Having OTT subscriber data lets publishers serve targeted video ads on Facebook. Serving targeted ads helps drive down the acquisition cost per subscriber. Facebook has become a nice ad platform for premium video and targeted ads, Wagner noted.
Sharing data from NeuLion, Wagner said clips are driving today’s sport viewing: 54 percent of all video starts are from mobile. Connected TVs average 107 minutes per viewing session, while phone and tablets average 28.5 minutes per viewing session. As OTT services grow, “watch data becomes a really important thing for marketers,” Wagner said.

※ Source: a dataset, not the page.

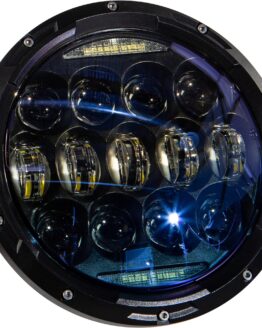 HardDrive LED Headlight 7 Inch 130W Black 10000/5000 Lumens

Media companies, however, are having trouble getting a hold of their viewing data. The current hot video platforms—Facebook Live and Instagram—are walled gardens and they aren’t sharing. But look for that to change in the near future.
Live video viewers are twice as engaged as those watching clips, said David Dowd, vice president of customer growth for Tubular Labs. They’re also more likely to join discussions on social platforms. Sports broadcasters could capitalize on this and hone their offerings, except platform viewing data isn’t filtered down to them. There’s no way to see which moments or camera angles lead to the highest engagement. Dowd expects that to change as broadcasters demand access to their own viewing data.
While some in the industry believe online streaming is hurting sports TV ratings, Dowd says skillful use of online video is growing millennial audiences. He pointed to the NBA’s difficulty in reaching younger viewers, which led to a strategy of posting clips on Instagram highlighting major moments from games. That was a huge success.
“YouTube used to be the place for that. It’s not anymore,” Dowd said. Big teams are not getting behind Instagram because that’s where the passionate fans are.
Pointing to work his company has done with Fox Sports, Dowd noted that today’s viewers are “a very scattered audience,” but that Fox Sports doesn’t care where its views happen. The broadcaster increasingly posts clips and highlights to social channels to increase an audience among cord cutters and recognize just how diverse today’s audience is.
“They are really focused on views and engagement data no matter where it happens, not just broadcast,” Dowd said. He conceded that compensation for online views hasn’t caught up yet, but said broadcasters must look forward and not ignore online viewing.